After one of the wettest winters in Yosemite history, spring has arrived with warming temperatures and a host of challenges for backpackers in the wilderness. Despite rising water levels from spring runoff, 4-7 ft of snow persists at 7,500 ft with 10 ft or more at the higher elevations. The snowline has crept up to roughly 7,000 ft but is still widely variable depending on aspect and topography. With such abundance, snow will linger well into the summer months, especially at higher elevations.

Increasing water levels from spring run-off will make many streams and creeks difficult or impossible to cross. This is further complicated by steep snow banks that persist on either side.

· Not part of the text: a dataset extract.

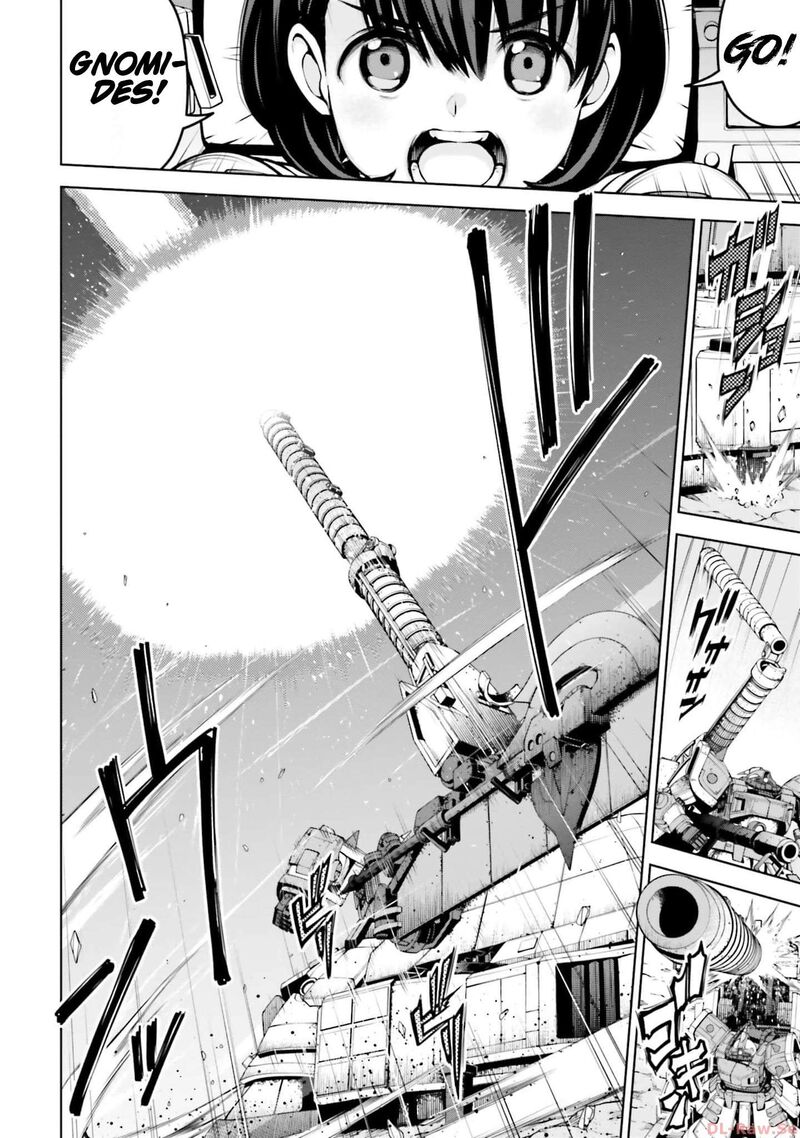 Mobile Suit Gundam Battle Operation Code Fairy Chapter 11 Page 14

With the heavy rain and snow this winter, some trails may have more erosion damage than usual. Trails may have also experienced mudslides, rockfalls, and/or multiple downed trees. Exercise caution when traveling on trails and turn around if you do not feel comfortable going forward.

Winter travel techniques and skills are a must if you wish to backpack in Yosemite over the next few months. Be prepared for near-freezing temperatures at night and variable temperatures during the day. Except for the lower elevations and exposed areas, plan to camp in the snow. Springs storms can come at any time with heavy snowfall, making travel and navigation very difficult. Always be sure to check a current weather forecast before you start your trip and be prepared for a multitude of conditions.

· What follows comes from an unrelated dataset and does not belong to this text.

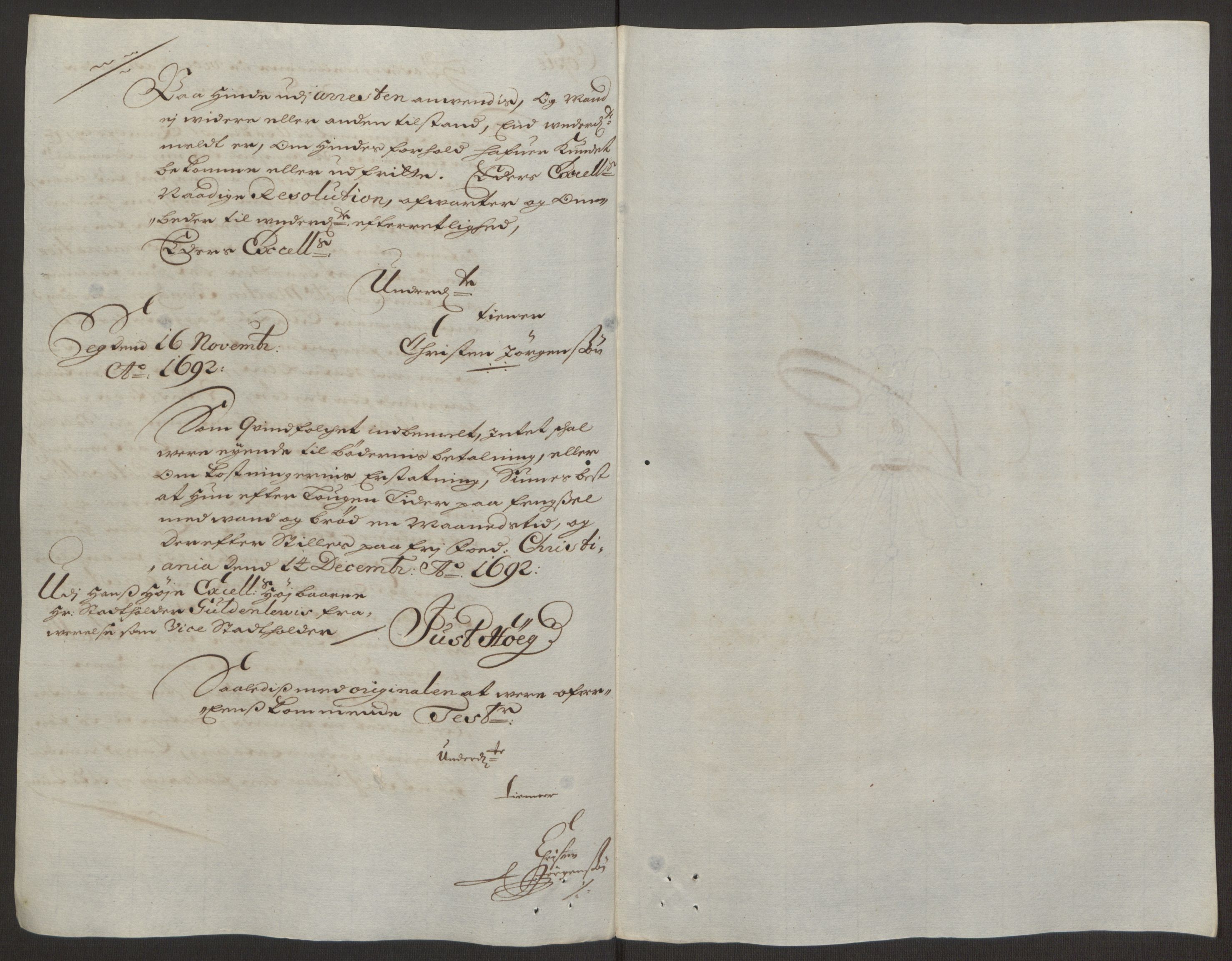 Rentekammeret inntil 1814, Reviderte regnskaper, Fogderegnskap, AV/RA-EA-4092/R12/L0704: Fogderegnskap Øvre Romerike, 1692, p. 71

Summer Outlook: Yosemite has received the most precipitation in its recorded history his winter (water year from Oct-Sept). However, the overall 2017 snowpack is only the 4th wettest on record in Yosemite and 176% of average. How can this be? Many of the storms this winter were relatively warm, meaning that while snow fell at the higher elevations it rained at lower elevations where it often times snowed in the past. This bears out in the snowpack with an uneven distribution of snow. The higher elevations, approximately 8,500 ft and above, are about 215% of average and are the highest on record, whereas the lower elevations are only 150% of average. Hence, the overall average of the snowpack is not a record.

It bears repeating, don't let the overall snowpack number average fool you. At elevations at 8,500 ft and above, this year is the highest on record! This Wilderness ranger echoes what the park hydrologist says, that it would be 'overly optimistic' to think about hiking easily in the higher elevations until August.

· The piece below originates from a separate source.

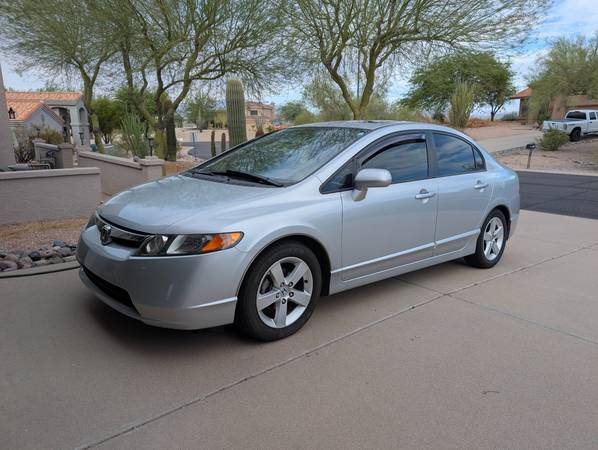 2007 Honda Civic EX for $0 Build Credit, Poor Credit,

The recent May 1 snow surveys further reiterated this trend where most of the snow courses 8,500 ft and above were 215% or more of average. The two highest elevation courses are the also the highest percentage at 230%. The percentage of snow for the time of year stayed consistent or even increased a little compared to the April 1 snow survey, meaning there was no significant melt in April.

Spring weather will determine the amount of snow on the trails in July and August. A warm & dry spring will promote snowmelt whereas a cool & wet spring will diminish snowmelt. The chances of a warm, normal or cold spring are roughly equal, meaning a 33% chance for each. To make a significant change in the snowpack, the spring will have be particularly warm and sunny, making it even less likely. Spring weather can be highly variable and with any weather, it is unknown what it will be in the coming months.

So far spring has been cooler and wetter than normal, with April having above normal precipitation and below normal temperatures. Despite a few warm days so far in May, the weather is forecast to be cooler with the potential for precipitation for the next week.

For summer trips, be prepared for a different than usual hiking experience. Expect snow on the trails at elevations above 8,000 ft well into July and even August. There will likely be high creek crossings, snow on the trail and you may have to alter your route significantly depending on the conditions. Creek crossings in particular maybe challenging because if the creek is too high there are few options to cross and you may have to turn around.